Nein, so einfach ist es eben nicht. Wir alle wissen, wenn ein Atommeiler läuft, dann läuft er. Den kann man nicht regeln. Nun ist es aber so, dass ein Großteil des in Deutschland produzierten Stroms eben der Strom aus erneuerbaren Energien ist. Und diese sind es, die in Konkurrenz zum Atomstrom treten. 
Haben wir viel Wind und die Sonne scheint, haben wir im Zweifel zu viel Strom im Netz. Dann müssen wir die Windanlagen vom Netz nehmen, weil der Atomstrom nicht gesteuert werden kann. 
Und weil wir den Ausbau der Netze und Speicherkapazitäten für die Erneuerbaren Energien bisher verschlafen haben! Natürlich müssen wir hier bessere Voraussetzungen schaffen, aber das hätten wir längst schon tun sollen! Auch ohne Energiekrise!
Die drei noch verbleibenden Atomkraftwerke leisten einen Beitrag von ca. 6% zur deutschen Stromproduktion. Senken wir die Preise für die Verbraucher, wenn diese Produzenten am Netz bleiben? Leider nein, denn wie gesagt, es sind der Atomstrom und die erneuerbaren Energien, die in Konkurrenz zueinander treten im deutschen Stromnetz. Die hohen Preise entstehen aber durch den Strom, der aus Erdgas produziert wird. Kann der Atomstrom den teuren Gasstrom ersetzen? Auch das nicht, weil der Gasstrom kurzfristig gebraucht wird, wenn wir Flaute und einen bewölkten Himmel haben. 

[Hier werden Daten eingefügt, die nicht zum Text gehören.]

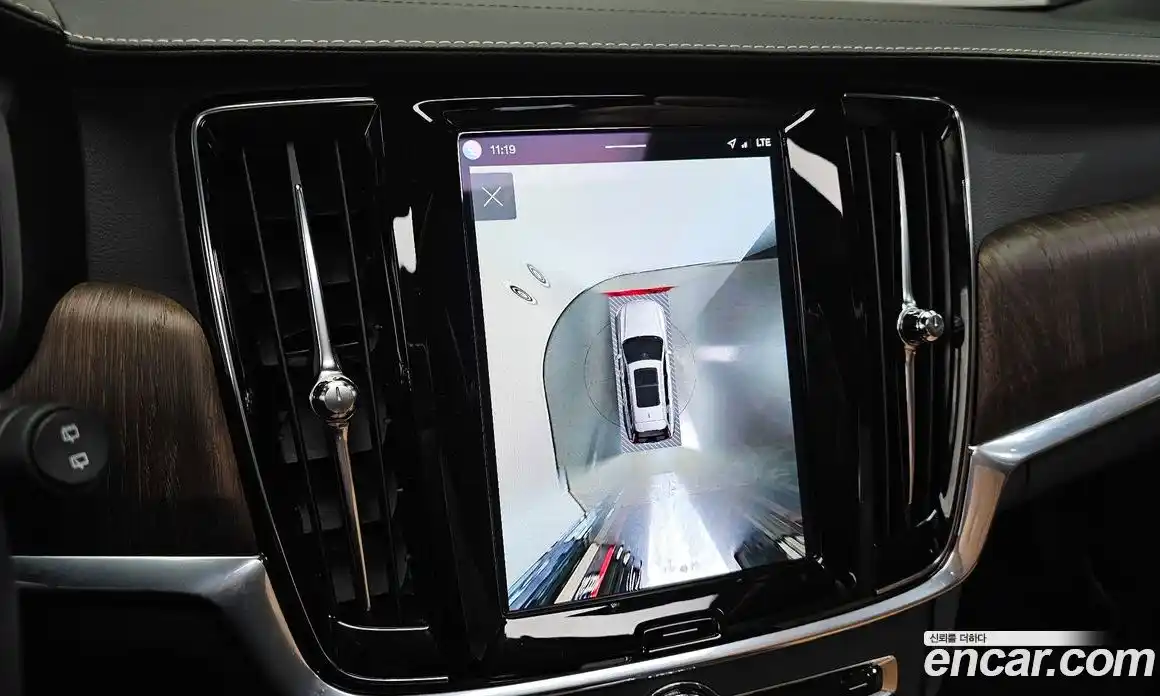 Volvo V90 2022 2.0 Автомат в Москве № 164367, фото 16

Und da wird es absurd: wir diskutieren über einen Energiemangel und schalten trotzdem regelmäßig unseren sauberen, billigen Windstrom ab, weil wir ihn im Jahr 2022 immer noch nicht abtransportieren oder speichern können. 

Und nun? Nun müssen wir regional denken! Und innovativ! Dann brauchen wir auch keine Atommeiler mit veralteter Technik mehr. Was wir brauchen, sind intelligente Speicherlösungen und eine Steuerung der Verbrauchsmengen und zwar regional! 

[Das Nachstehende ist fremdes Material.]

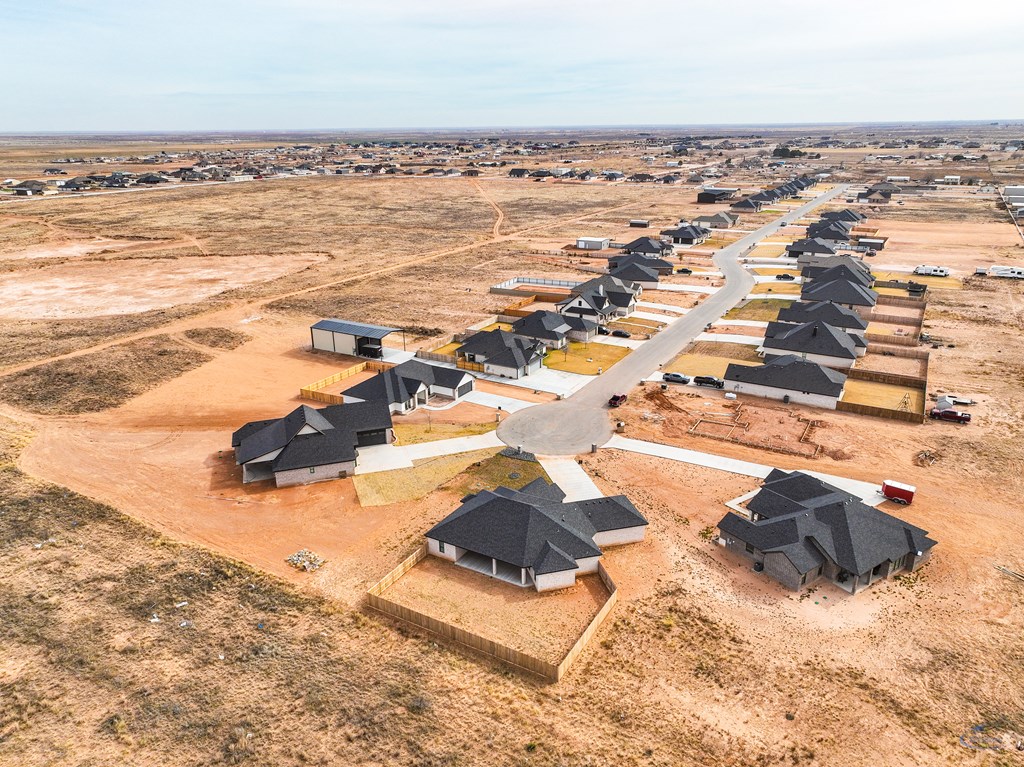 2102 S County Rd 1059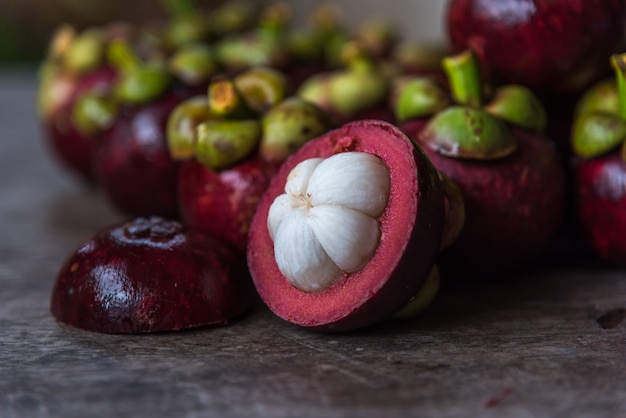 Mangostão, uma rainha de frutas no mercado de frutas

Ich gebe Ihnen ein Beispiel: eine Papierfabrik benötigt Holzschnitzel als Grundstoff. Diese zu produzieren ist energieintensiv. Wie wäre es, wenn das Unternehmen das Holz dann häckselt, wenn der Wind weht und dann Lagerhaltung betreibt? Und wenn dann der Wind nicht weht, kann die Papierfabrik dem Netz sogar Strom, den sie aktuell nicht braucht, zur Verfügung stellen. Auch die immer größer werdende Flotte von E-Fahrzeugen kann als Stromspeicher dienen und dann bei Bedarf wieder Strom ins Netz zurückspeisen. Dasselbe gilt für die Produktion von grünem Wasserstoff, den wir auch zur Wärmeproduktion verwenden können. Und im Biogasbereich sollte nicht nur die Deckelung der Produktion wegfallen, es muss auch verbindliche Wärmekonzepte für die Anlagen geben. Nahwärme aus der Region ist einer der Schlüssel für bezahlbare Energie! All das ist schon heute technisch möglich, wir müssen nur endlich dafür sorgen, dass die notwendige Infrastruktur geschaffen wird! 

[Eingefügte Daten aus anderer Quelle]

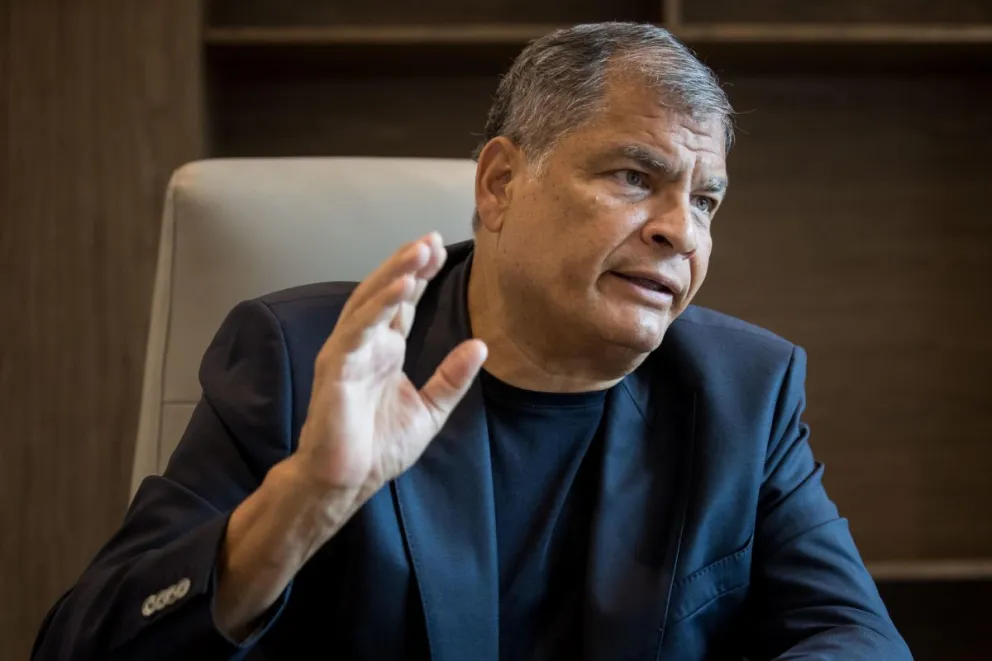 Fotografía de archivo fechada el 25 de junio de 2024 del expresidente ecuatoriano Rafael Correa (2007-2017), hablando durante una entrevista con EFE en Caracas (Venezuela). Foto: EFE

Die Bundesregierung hat einer Laufzeitverlängerung der verbliebenen drei Atomkraftwerke bereits eine Absage erteilt und das aus gutem Grund. Seit 2009 hat keine grundlegende Sicherheitsüberprüfung der Kraftwerke mehr stattgefunden vor dem Hintergrund, dass die Meiler ja ohnehin spätestens 2022 vom Netz gehen. Was bedeutet das für die Sicherheit der Kraftwerke? Im besten Falle nichts, aber was, wenn doch? Dann waren das teure Kilowattstunden! Zumal der Weiterbetrieb der Anlagen für mehrere Jahre rechtlich aktuell nicht möglich ist. Dasselbe gilt im Übrigen für das Wiederanfahren bereits abgeschalteter Kraftwerke, wie etwa Brokdorf. Wir sprechen hier von Anlagen aus den 1970er und 80er Jahren, die nicht mehr den heute geltenden Standards von Sicherheit und Technik entsprechen. 

Es ist doch Augenwischerei, den Menschen verkaufen zu wollen, dass die Atomkraft nun der Schlüssel zu einer sicheren Energieversorgung ist, während gleichzeitig die Franzosen den europäischen Strommarkt leer kaufen, weil dort die meisten Atomkraftwerke aktuell stillstehen. Die deutschen Atomkraftwerke gehören Ende des Jahres endgültig abgeschaltet! Die Zukunft liegt in den erneuerbaren Energien. Da müssen wir jetzt konsequent investieren, statt krampfhaft an Atom- und Kohlestrom festzuhalten!